The difference was strongest in low-score
soccer, where European-league home teams win or tie about 60% of the time. Data
dating from the 1800s showed that soccer refs consistently give home teams
edges in extra time, red cards and penalty kicks, things that often are
decisive in one-goal outcomes. In baseball, millions of MLB data bits collected
electronically for more than 20 years show that ball-strike calls favor home
teams. In basketball the homers get the breaks on not only personal-foul calls
but also on ones involving ball-possession changes. The differences are small, usually
amounting to just a few percentages, but you can drown in a lake that averages
a foot deep.
The authors assert, convincingly,
that the reasons behind the discrepancies have nothing to do with conscious
bias. One is the all-sports dictum—real although unspoken—that the players
should decide the games; for that reason, they say, umps are especially hesitant
to make “ball four” or “strike three” calls on close pitches, and penalty
frequency in all sports declines late in close-fought contests and in playoffs.

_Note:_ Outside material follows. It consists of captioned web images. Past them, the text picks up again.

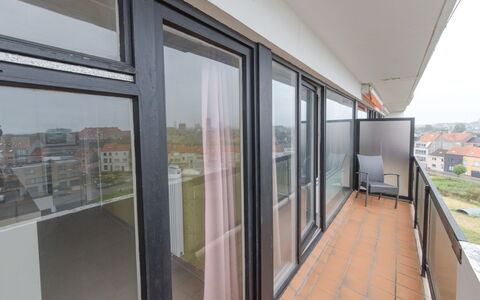 Calista 213 with Balcony: Bygning, Vindue, Hus, Træ, Indretning, Himmel, Skygge, Etage, Ejerlejlighed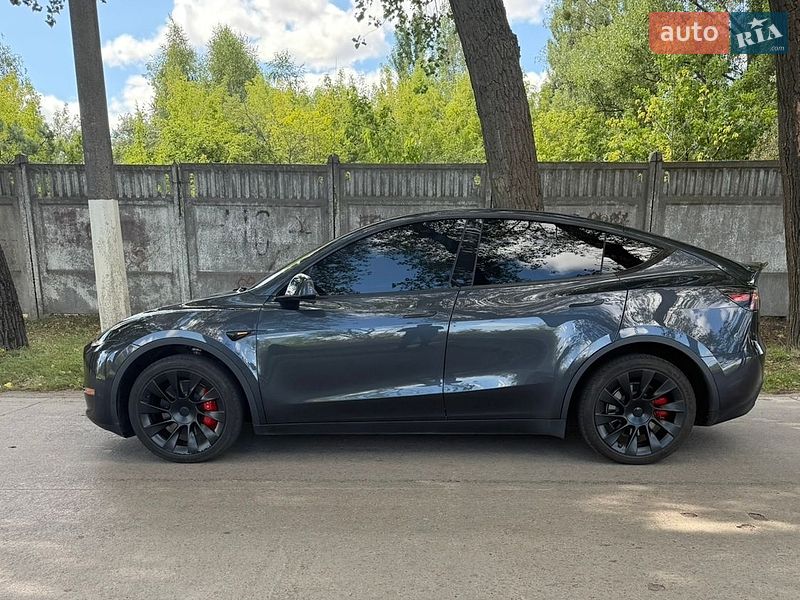 Внедорожник / Кроссовер Tesla Model Y 2024 в Киеве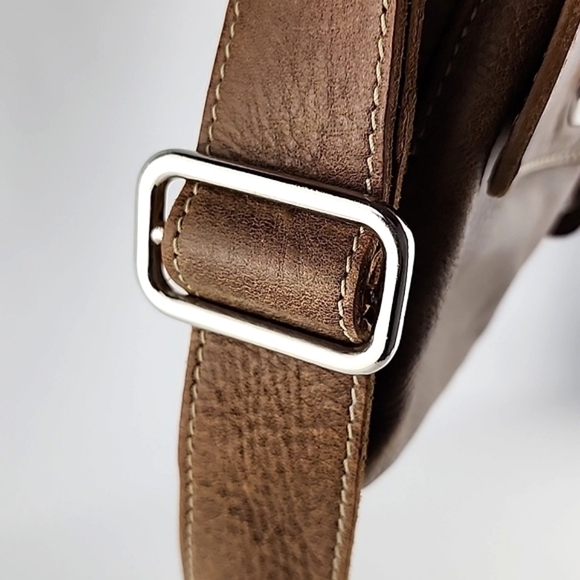 ROOTS Tan Leather Vintage Crossbody Bag Purse Multi Pockets Adjustable Strap - Picture 14 of 16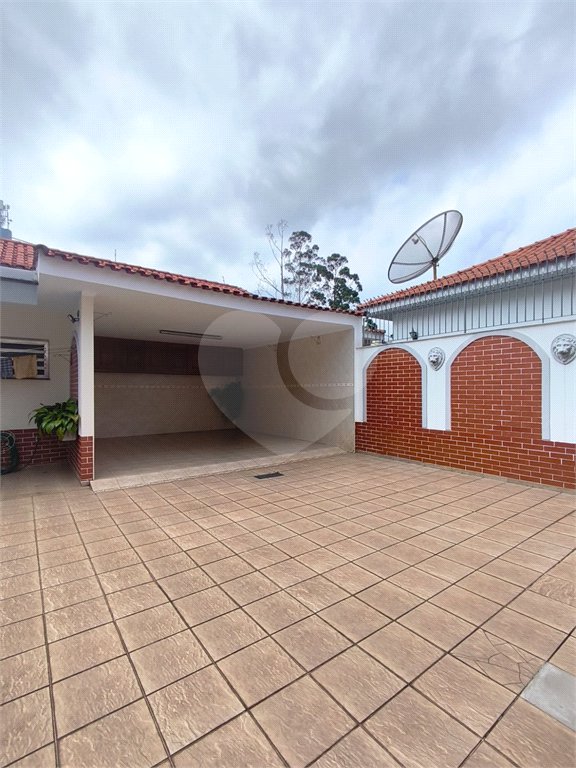 Excelente Sobrado à venda com 281m2 de área construída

Another is the tendency toward conformity found in all human groups, mirroring
people’s psychological desire to be agreeable to those around them. Thus, the home-field
edge grows with crowd size and the nearness of the crowds to the playing
fields.
For more (and there’s a lot more) you
gotta see the book. It’s not light reading, but it’s worth the effort for serious
fans. It’s available on Amazon for $17, plus delivery. And no, I’m not up for a slice.